Per non parlare nemmeno delle autorità greche, che hanno bloccato una nave commerciale turca, nel 2015, che portava armi e sostegno ai jihadisti presenti nella parte nord del Libano.
Non parliamo ancora del sostegno turco ai jihadisti operanti nel nord e nell’ovest della Siria. Qui ci vorrebbe un tomo di mille pagine.
Ma, nel dicembre 2018, i servizi libici di Al Serraj hanno catturato due navi, con un notevole carico di armi, nel porto di Misurata, e poi anche nel porto di Al-Khoms, cento chilometri ad est di Tripoli.
Tutte armi turche, senza alcun dubbio, ma ciò ci fa pensare che il segretario generale della NATO non abbia ancora trovato il modo di parlarne con il premier di Ankara, visto che la Turchia è la seconda maggior forza armata dell’Alleanza Atlantica.
Il gennaio 2019, comunque, i servizi libici hanno scoperto altri carichi navali di armi turche, già arrivati nel porto di Misurata.
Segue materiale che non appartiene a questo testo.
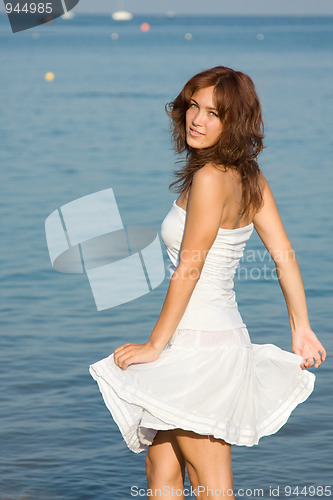 Image of Young beautiful woman in a white dress against a background of t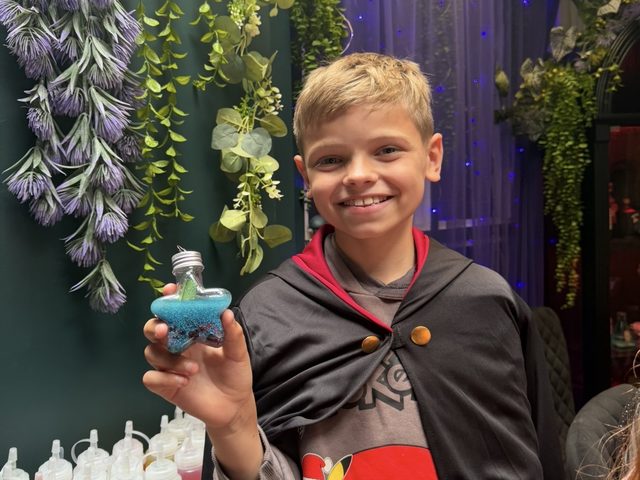 A boy in a wizard cloak holding up the star-shaped potion bottle he made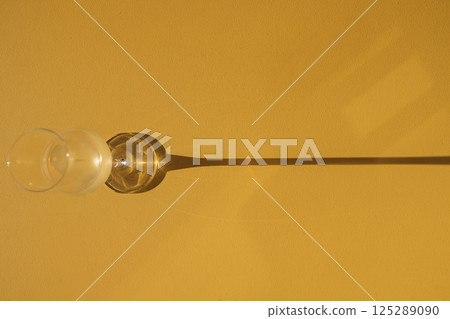 A close-up of glass with alcoholic beverage on a yellow background. Cup with sparkling wine. Top of view. Champagne goblet on a bright backdrop. A close-up of glass with alcoholic beverage on a yellow background. Cup with sparkling wine. Top of view. Champagne goblet on a bright backdrop. 125289090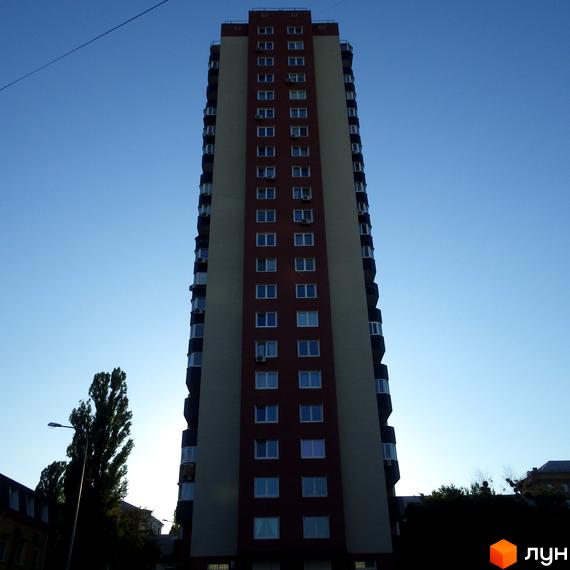 Високий житловий комплекс Будинок на Шулявці з червоно-бежевим фасадом та численними вікнами. Навколо видно дерева та блакитне небо.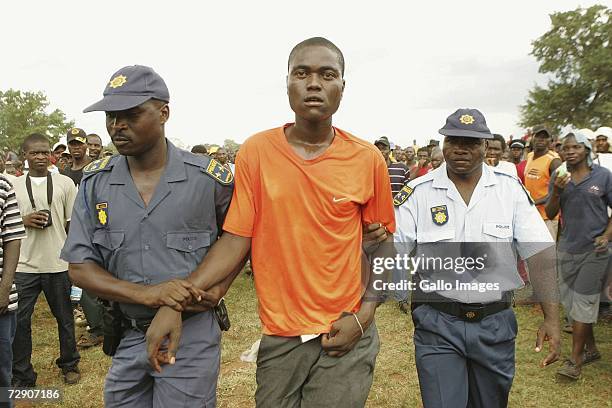 Police arrests a fihgter who stabbed another fighter during a traditional fist fighting match on December 29, 2006 in Tshaulu Village, Venda, South...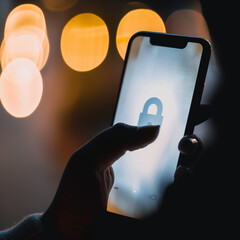 Close-Up of Smartphone Screen with Privacy Lock Icon, Emphasizing Phone Privacy, Blurred Silhouette Background, Hand Over Half the Screen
La Turchia e il Qatar portano armi ai loro gruppi di riferimento in Libia, ma anche per le linee di terra, attraverso il confine sudanese visto, peraltro, il particolare rapporto che lega il Qatar alla dirigenza del Sudan.
Alcuni documenti trovati dagli Usa ad Abbottabad, durante l’eliminazione di Osama Bin Laden, lo ricordiamo, fanno riferimento al fatto che i gruppi jihadisti libici avevano, già allora, nella Turchia il loro punto di riferimento organizzativo e operativo, e questo accadeva fin dall’inizio degli anni 2000.
Abd-El Hakim Belhai, ovvero Abi Abdallah Al Sadeq, l’uomo di Al Qa’eda, allora, in Libia, aveva anche iniziato i contatti con l’Iran, al fine di organizzare operazioni militari contro Gheddafi.
Nel gennaio 2017 Ansar al Sharia, sempre un gruppo jihadista legato ad Al Qa’eda, ha reso noto che il suo fondatore, Mohammed Al Zahawi, era morto in un ospedale turco.
Le stazioni TV organizzate da Turchia e Qatar e dirette verso la Libia sono, poi, numerose, ma tutte protette direttamente dai turchi: Al Ra’ed al Islamiyya, Libya Al-Ahrar, Al Tanassah, Libya Panorama.
Obiettivo primario del leader turco in queste operazioni: ricostruire l’Impero Ottomano, estraneo e spesso opposto agli altri “imperi” petroliferi e finanziari che si vanno costituendo nel mondo arabo-islamico.
Poi, ristabilire anche il vecchio “Patto Nazionale” del 1923, il Misak-i-Milli, che espande, anche all’epoca del “laico” Ataturk, tutti i confini del mondo turco: la Siria del Nord, parti del Libano, alcune aree dell’Iran e perfino del Kazakhistan e, ritorniamo alle memorie orride dei “giovani turchi”, dell’Armenia.
Il Qatar ha firmato, nel gennaio 2019, ma con un documento di base che risaliva all’aprile 2016, un patto militare con la Turchia che consente lo stazionamento di 4000 soldati turchi nell’Emirato, e prevede operazioni congiunte tra le due Forze Armate.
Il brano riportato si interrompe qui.